------ Available records

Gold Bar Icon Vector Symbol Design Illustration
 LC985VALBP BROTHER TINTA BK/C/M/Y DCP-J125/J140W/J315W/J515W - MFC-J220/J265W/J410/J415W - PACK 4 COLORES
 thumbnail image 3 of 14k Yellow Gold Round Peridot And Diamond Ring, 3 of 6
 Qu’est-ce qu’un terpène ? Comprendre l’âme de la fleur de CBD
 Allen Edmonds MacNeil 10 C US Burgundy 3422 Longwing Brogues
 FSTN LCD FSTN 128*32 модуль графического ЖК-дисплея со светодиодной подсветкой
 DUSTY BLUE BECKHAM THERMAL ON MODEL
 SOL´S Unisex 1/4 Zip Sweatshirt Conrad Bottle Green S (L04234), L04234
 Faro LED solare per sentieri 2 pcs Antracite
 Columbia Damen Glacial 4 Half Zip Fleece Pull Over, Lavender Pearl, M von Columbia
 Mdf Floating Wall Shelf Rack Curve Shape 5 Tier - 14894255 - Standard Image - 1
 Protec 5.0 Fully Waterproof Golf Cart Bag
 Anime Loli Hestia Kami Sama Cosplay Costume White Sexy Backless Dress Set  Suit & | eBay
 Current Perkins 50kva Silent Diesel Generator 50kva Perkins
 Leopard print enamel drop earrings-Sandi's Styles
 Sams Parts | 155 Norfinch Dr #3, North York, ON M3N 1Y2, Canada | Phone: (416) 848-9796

------------

Starting at the line that has "Protec 5.0 Fully Waterproof Golf Cart Bag" in the records above, restate word for word every line until the one that has "Leopard print enamel", and include that one as well.

 Protec 5.0 Fully Waterproof Golf Cart Bag
 Anime Loli Hestia Kami Sama Cosplay Costume White Sexy Backless Dress Set  Suit & | eBay
 Current Perkins 50kva Silent Diesel Generator 50kva Perkins
 Leopard print enamel drop earrings-Sandi's Styles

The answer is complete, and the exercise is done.